Adding to the gloom has been the extraordinary displays of public violence, from police brutality to sexual crimes, which have weighed heavily on the public psyche. During all these horrific incidents, the country needed exceptional leadership to soothe a worried nation and guide us to rediscovering our humanity. What we got was the bare minimum, acknowledgment after a time lapse that something bad had happened and expressions of sympathy.
Despite the remarkable progress that has been made in reversing the legacy of Apartheid, South Africa is more restless than ever before. In 1994, there was plenty of uncertainty and fear but there was also tremendous hope that the future would be better and brighter. That hope existed mainly because there was a brigade of outstanding leaders charting the course and coaxing the nation forward.

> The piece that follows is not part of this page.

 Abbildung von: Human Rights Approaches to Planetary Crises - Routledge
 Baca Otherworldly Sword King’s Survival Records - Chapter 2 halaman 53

There was a common covenant between the leaders and the people of South Africa that we could make the country great.
Hope and good leadership is missing from the current lexicon and this distorts perceptions about whether we were in a better place then or now, no matter what the statistics say. There was a hint of irritation from President Zuma on Saturday when he remarked on people being jaded and critical, saying they should instead be making suggestions about what could be done to improve the country.
But it is difficult to inspire a restless nation to co-operate, particularly one that feels neglected and disrespected. No amount of delivery figures can change that, only strong leadership can. The hope that propelled us forward in 1994 is long gone. And while in many ways we are so much better, the pervasive hopelessness makes us a whole lot worse. DM
Photo: President Jacob Zuma. (REUTERS/Noor Khamis)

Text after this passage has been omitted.